Faz muita pena, não só se ter mudado o obelisco, como deslocado e transferido dali fontes, estatuas, jarros e animais de mármore português e de Carrara tão artisticamente cinzelados e tão bem colocados. O Prefeito, Dr. Elísio Lisboa, reconstruiu as muralhas e reformou, com apurado gôsto, o precioso jardim.

Os documentos juntos, por cópias extraídas do livro Cartas do Senado à sua Majestade, páginas 178 a 180, me foram fornecidos pelo então esforçado e competente Diretor do Arquivo da Prefeitura, sr.

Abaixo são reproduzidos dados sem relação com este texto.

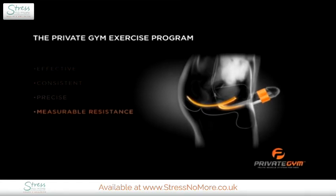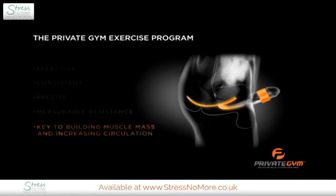The Private Gym exercise equipment provides effective, consistent, precise, and measurable resistance, which is key to building muscle mass and increasing circulation.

Osvaldo Valente.

Nota – O Visconde de Cairú teve, por parte da Bahia, posteriormente, expressiva homenagem no belo monumento que lhe foi erigido, na antiga Praça da Alfândega, entre esta e o elevador, hoje Praça Cairu, onde, em bronze, foi gravado o seguinte: “Homenagem do Govêrno da Bahia a José da Silva Lisboa, Visconde de Cairu, inspirador do decreto de abertura dos portos do Brasil ao comércio das Nações amigas em 28 de janeiro de 1808. Inaugurado em 28 de novembro de 1934.” Este monumento é trabalho do escultor italiano Del Chirico.

In: Revista do Instituto Genealógico da Bahia. Ano 5, n. 5, Imprensa Oficial da Bahia, 1950, p. 25-41.